D'acier - Silvia Avallone

Publié le par Papillon

 

avallone

 

Anna et Francesca sont amies depuis toujours et ont grandi dans le même HLM d’une ville industrielle d’Italie. Elles ont (presque) quatorze ans, elles sont belles, intrépides et arrogantes. Elles passent l’été sur la plage, à exhiber leurs corps d’adolescentes pour agacer les garçons. Elles rêvent de l’île d’Elbe, là, juste en face, avec ses plages de sable blanc, si proche et pourtant si inaccessible. Parce que la réalité c’est la Lucchini, l’aciérie et son haut-fourneau qui ne s’éteint jamais, là où travaillent leurs pères et leur frère. Pendant que leurs mères, prématurément vieillies, s’épuisent au ménage et aux lessives, leurs propres rêves envolés depuis longtemps.

 

« Tu crois que tu auras encore plus, toujours plus, chaque jour qui passe. Que c’est ça, la logique des choses. Mais en fait tu as moins, toujours moins, chaque jour qui passe. »

 

La mère d’Anna, militante communiste, a pour mari un escroc qui lui ment, et celle de Francesca une brute qui la bat. Non, la vie n’est pas gaie, via Stalingrado. Alors les jeunes s’étourdissent dans la drogue, le sexe, la musique qui hurle et les voitures qui roulent à fond. Anna et Francesca, elles, elles se sentent fortes, parce qu’elles sont belles, qu’elles sont deux, et qu’un jour elles partiront. « Together forever ». Anna veut faire des études « pour changer le monde » et Francesca rêve de devenir top model. Mais Anna va tomber amoureuse d'un garçon, et Francesca ne lui pardonnera pas. Leur amitié va exploser.

 

A travers ces deux adolescentes, Silvia Avallone nous montre l’envers du décor de l’Italie berlusconienne, celle que les touristes ne voient pas, celle des usines qui ferment et délocalisent, celle d’une jeunesse qui s’ennuie dans la perspective d’une vie perdue dans un travail dur mais dénué de sens. Pourtant il y en a eu de la fierté dans cette usine, à produire de l’acier.

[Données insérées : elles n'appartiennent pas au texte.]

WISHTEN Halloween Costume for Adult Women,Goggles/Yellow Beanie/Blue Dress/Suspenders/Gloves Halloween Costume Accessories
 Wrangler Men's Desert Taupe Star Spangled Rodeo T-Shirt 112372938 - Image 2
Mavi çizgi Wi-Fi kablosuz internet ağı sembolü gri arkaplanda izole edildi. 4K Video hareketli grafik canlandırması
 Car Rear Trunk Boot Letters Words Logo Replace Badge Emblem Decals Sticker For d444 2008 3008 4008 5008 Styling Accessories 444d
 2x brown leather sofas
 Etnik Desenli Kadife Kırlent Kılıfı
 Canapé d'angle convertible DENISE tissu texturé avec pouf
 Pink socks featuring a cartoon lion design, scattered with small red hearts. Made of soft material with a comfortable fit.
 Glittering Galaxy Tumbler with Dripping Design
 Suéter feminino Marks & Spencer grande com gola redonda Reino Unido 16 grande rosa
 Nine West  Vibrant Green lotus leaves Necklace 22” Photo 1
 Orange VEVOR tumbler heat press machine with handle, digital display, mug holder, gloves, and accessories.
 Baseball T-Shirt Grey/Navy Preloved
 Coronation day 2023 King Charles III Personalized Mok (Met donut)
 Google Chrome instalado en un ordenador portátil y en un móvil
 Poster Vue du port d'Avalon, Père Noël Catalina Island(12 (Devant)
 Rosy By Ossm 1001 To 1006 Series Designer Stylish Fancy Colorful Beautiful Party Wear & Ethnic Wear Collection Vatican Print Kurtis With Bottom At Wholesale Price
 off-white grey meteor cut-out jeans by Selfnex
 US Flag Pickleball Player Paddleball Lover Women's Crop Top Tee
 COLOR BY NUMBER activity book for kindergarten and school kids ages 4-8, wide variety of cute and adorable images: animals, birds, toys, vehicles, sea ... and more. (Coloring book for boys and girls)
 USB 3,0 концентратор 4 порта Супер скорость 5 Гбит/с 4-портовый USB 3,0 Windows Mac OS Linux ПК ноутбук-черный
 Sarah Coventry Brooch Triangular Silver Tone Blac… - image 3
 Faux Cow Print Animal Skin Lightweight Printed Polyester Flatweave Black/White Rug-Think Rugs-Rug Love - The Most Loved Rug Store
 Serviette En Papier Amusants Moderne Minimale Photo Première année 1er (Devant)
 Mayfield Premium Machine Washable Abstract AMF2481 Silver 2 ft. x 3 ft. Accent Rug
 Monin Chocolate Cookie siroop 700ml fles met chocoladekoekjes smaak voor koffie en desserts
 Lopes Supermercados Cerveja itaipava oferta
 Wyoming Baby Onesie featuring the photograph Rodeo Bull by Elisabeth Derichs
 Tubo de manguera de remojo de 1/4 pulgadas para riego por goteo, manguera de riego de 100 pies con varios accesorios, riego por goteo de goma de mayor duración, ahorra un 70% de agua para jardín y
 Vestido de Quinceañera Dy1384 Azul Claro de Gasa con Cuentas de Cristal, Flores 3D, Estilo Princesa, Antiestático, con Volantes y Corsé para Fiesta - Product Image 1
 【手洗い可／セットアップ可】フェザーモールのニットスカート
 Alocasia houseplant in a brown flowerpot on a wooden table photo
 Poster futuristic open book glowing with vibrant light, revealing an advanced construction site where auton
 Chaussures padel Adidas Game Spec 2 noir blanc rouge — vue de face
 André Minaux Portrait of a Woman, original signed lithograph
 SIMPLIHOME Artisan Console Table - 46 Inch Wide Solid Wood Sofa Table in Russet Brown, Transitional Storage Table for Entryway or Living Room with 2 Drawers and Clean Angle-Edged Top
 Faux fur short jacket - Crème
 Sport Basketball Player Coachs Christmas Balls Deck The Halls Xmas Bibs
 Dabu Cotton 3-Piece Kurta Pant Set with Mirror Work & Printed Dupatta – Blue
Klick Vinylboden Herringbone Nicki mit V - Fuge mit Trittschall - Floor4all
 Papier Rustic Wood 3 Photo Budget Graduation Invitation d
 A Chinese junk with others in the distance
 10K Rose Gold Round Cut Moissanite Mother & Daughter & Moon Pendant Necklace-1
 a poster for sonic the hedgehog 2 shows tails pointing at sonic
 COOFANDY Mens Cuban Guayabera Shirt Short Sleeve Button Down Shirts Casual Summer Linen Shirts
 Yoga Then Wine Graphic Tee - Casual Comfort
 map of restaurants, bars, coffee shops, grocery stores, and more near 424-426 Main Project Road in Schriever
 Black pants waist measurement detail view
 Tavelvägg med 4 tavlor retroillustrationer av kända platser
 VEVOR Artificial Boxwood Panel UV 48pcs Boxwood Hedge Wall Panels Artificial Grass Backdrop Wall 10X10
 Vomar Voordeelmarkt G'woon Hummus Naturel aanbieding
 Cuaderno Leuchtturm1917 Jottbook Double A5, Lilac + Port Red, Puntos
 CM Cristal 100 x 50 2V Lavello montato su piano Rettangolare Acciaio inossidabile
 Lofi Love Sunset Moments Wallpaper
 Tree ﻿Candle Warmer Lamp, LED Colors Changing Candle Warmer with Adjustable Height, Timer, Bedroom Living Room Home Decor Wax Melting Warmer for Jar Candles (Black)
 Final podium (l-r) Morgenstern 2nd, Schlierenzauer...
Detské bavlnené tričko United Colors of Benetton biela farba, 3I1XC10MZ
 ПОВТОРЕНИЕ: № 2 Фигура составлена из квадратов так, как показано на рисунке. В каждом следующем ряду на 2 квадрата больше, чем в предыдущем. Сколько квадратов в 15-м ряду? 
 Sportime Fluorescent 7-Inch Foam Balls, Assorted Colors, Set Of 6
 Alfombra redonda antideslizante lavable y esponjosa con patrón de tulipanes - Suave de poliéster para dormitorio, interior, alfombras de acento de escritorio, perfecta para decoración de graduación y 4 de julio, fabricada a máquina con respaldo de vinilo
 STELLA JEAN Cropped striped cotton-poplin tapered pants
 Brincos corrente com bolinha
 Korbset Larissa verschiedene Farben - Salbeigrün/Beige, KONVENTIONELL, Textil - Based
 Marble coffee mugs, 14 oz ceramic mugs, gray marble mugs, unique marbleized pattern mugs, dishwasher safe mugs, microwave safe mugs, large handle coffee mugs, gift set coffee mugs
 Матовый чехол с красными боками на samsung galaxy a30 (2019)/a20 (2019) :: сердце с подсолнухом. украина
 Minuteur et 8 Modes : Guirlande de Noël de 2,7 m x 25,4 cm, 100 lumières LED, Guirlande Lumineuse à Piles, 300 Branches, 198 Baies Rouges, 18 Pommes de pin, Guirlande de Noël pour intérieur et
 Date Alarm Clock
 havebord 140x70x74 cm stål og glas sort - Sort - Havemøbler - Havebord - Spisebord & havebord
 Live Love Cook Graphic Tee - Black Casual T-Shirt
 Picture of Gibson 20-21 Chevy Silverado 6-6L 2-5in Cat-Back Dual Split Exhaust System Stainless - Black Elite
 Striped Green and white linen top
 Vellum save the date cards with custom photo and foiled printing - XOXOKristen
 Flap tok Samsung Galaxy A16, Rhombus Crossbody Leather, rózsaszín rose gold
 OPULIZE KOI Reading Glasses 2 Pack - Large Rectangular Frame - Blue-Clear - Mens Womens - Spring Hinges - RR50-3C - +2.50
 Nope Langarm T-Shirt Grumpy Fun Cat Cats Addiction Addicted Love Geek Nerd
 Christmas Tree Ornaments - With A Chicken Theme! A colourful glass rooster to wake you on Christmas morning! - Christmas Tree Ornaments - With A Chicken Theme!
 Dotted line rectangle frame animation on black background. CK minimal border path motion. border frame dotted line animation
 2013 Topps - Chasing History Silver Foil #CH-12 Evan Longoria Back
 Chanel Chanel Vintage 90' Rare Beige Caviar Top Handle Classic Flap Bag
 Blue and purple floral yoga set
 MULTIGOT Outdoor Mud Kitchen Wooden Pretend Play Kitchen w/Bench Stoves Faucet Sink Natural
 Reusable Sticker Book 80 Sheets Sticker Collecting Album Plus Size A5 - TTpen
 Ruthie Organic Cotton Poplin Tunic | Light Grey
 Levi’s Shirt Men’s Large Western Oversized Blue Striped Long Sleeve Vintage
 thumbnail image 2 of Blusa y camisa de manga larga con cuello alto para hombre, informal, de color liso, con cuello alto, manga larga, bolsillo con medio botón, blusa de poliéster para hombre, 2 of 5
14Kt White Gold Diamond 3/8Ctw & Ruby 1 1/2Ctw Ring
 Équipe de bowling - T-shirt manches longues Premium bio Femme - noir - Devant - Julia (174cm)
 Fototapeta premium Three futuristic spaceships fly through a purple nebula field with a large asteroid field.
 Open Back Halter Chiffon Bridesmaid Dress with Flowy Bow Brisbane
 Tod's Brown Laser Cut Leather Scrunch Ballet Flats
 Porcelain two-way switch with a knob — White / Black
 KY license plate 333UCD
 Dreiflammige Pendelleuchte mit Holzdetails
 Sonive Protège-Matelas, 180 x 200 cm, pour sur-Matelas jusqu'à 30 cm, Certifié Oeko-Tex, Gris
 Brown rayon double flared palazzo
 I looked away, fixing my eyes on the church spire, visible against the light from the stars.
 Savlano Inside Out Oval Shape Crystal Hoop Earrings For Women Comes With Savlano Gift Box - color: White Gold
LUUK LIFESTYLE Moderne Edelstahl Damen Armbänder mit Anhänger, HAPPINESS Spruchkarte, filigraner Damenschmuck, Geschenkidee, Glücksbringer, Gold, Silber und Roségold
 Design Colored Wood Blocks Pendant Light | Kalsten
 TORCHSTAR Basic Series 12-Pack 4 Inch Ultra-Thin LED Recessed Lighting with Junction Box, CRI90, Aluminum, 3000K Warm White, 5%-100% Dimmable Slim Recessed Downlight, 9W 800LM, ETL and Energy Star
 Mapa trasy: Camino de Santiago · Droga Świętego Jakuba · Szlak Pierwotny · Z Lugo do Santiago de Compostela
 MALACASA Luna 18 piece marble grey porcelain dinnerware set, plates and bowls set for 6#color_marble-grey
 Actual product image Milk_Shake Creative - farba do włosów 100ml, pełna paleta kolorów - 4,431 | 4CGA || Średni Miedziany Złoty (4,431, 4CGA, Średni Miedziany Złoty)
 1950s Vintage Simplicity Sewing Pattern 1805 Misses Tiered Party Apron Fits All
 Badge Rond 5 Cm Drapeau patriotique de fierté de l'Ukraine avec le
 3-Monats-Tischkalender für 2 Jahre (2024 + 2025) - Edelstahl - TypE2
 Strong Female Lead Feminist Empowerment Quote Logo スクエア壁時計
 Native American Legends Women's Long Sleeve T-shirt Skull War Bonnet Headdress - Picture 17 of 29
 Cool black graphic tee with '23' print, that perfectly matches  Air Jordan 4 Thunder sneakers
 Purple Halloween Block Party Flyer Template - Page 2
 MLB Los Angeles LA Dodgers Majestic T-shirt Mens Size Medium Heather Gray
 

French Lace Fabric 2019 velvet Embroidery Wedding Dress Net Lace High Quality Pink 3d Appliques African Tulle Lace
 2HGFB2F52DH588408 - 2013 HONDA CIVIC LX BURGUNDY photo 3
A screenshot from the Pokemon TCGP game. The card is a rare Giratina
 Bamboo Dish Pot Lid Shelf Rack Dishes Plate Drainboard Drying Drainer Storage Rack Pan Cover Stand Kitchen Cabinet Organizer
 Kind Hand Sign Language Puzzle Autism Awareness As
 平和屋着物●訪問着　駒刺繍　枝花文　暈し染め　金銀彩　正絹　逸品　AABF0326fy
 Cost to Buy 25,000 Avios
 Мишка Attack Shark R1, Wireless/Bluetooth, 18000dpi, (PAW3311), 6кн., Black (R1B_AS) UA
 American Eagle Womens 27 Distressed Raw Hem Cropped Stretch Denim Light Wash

Mais comment peut-on aimer son métier quand on est sous-payé pour un travail de forçat et que le patron ne cesse de te répéter que tu es trop cher ? On comprend, dès lors, que tout le monde trafique pour gagner plus. La vraie liberté, elle n’est pas dans la télé, ni même dans l’amour qui est une illusion, mais certainement dans l’amitié qui rend plus fort et dans la culture qui ouvre les yeux.

 

Un roman très fort, à l’écriture nerveuse, qui m'a paru très pessimiste, mais qui se termine quand même sur une note d'espoir, parce que nos rêves sont souvent plus proches qu'on ne le croie.

 

 

Traduit de l’italien par Françoise Brun.
Liana Levi, 2011. – 288 p.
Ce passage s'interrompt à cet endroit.